Engineering · 12 May 2026

What's actually inside your Postgres data directory

PGDATA looks like a folder full of cryptic short names. It is in fact the entire database. A tour, directory by directory, and the reasons a backup company ended up reading every one of them.

By Rahul·12 minute read·All posts

When you install Postgres, run initdb, and start it up, all of your data lives inside one directory. The Postgres documentation calls it “the data directory.” The environment variable points at it: PGDATA. On Debian it’s at /var/lib/postgresql/16/main. On macOS via Homebrew it’s /opt/homebrew/var/postgresql@16. Inside a Docker image it’s wherever the volume is mounted. Wherever you find it, the contents look about the same: a couple of dozen short, cryptic directory names, a handful of config files, and a little file called PG_VERSION that’s there to keep you honest.

For most application developers, this folder is a black box. You connect on port 5432, you write SQL, you trust that the bytes are safe somewhere. That’s how it should be most of the time.

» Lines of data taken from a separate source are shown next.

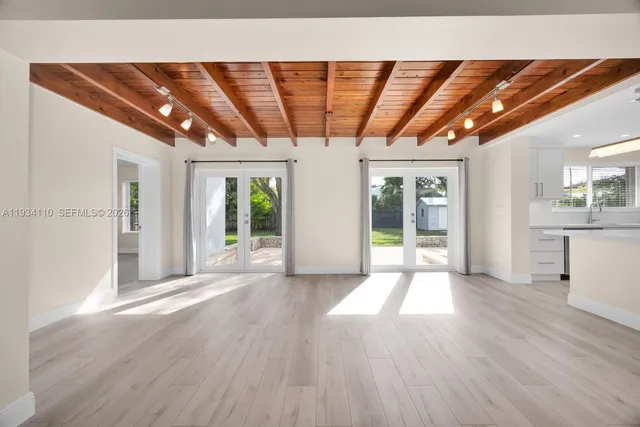a front view of a house with a garden and tree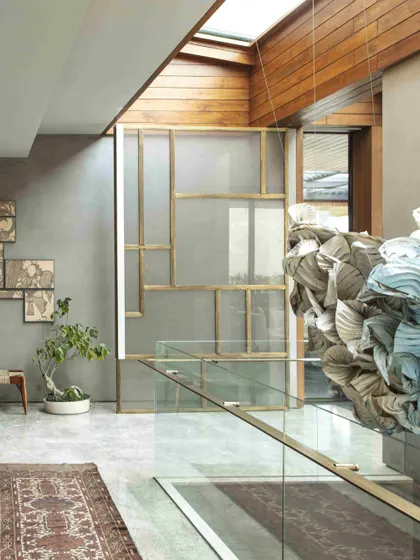 This view showcases the origami installation in context with the home's interior architecture. The organic, flowing shapes of the artwork provide a soft counterpoint to the clean lines of the glass balustrade and wood-paneled ceiling.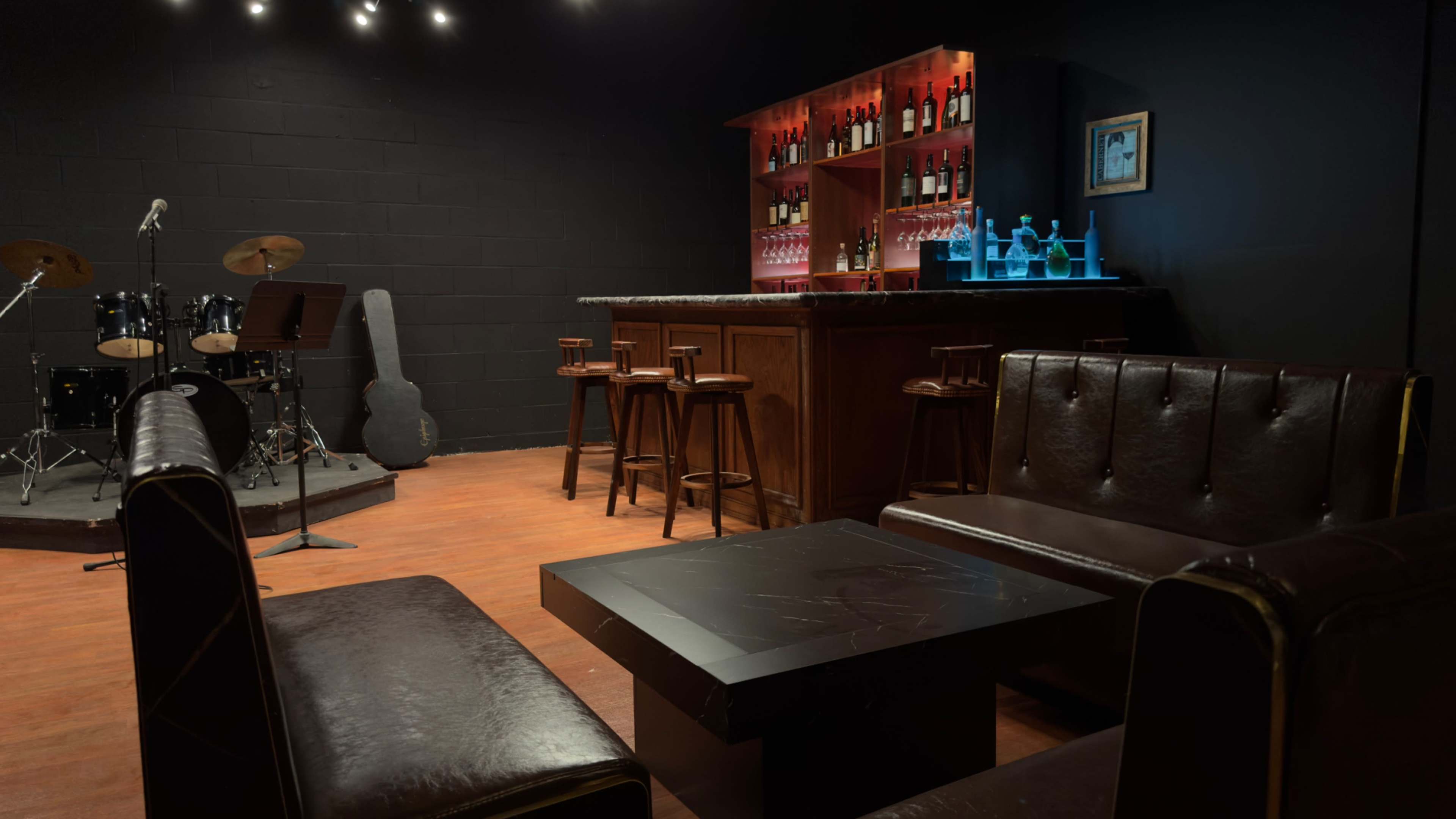 The scene shows a dimly lit bar area with a stage for live music, featuring a wooden bar stocked with drinks, a few high stools, and leather seating arrangements.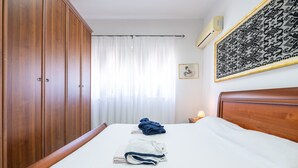 Ein Schlafzimmer mit einem Bett, einem Holzschrank, Vorhängen, einem gerahmten Kunstwerk und einer Klimaanlage.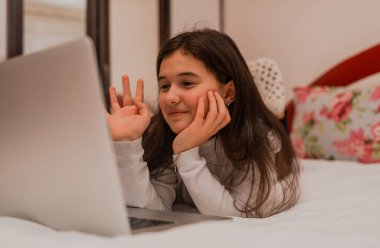 Evdeki kanepede rahatça otururken dizüstü bilgisayar kullanan mutlu bir genç kız. Yüksek kalite fotoğraf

But when you start running backup software, the abstraction leaks. The first time it leaks for you, it usually hurts. A restore “succeeds” but the application can’t connect because a role is missing. An index is reachable but rows come back in a different order, and a query plan flips. A tablespace symlink points at a directory that doesn’t exist. The dump finished; the restore finished; the database is wrong.

We hit all of these in the first six months of building dbcrate. We got out of them by reading the data directory file by file until each name made sense. This is a tour through what we found, what each folder is for, and the lesson each one taught us.

A first look

Here’s what ls $PGDATA looks like on a fresh Postgres 16 install:

$PGDATA/
├── PG_VERSION
├── base/
├── current_logfiles
├── global/
├── pg_commit_ts/
├── pg_dynshmem/
├── pg_hba.conf
├── pg_ident.conf
├── pg_logical/
├── pg_multixact/
├── pg_notify/
├── pg_replslot/
├── pg_serial/
├── pg_snapshots/
├── pg_stat/
├── pg_stat_tmp/
├── pg_subtrans/
├── pg_tblspc/
├── pg_twophase/
├── pg_wal/
├── pg_xact/
├── postgresql.auto.conf
├── postgresql.conf
├── postmaster.opts
└── postmaster.pid

Twenty four entries. Some are huge (base/ and pg_wal/); some are routinely empty (pg_snapshots/, pg_replslot/ on a database with no replicas). All of them matter, in the sense that if you delete the wrong one, your database is broken.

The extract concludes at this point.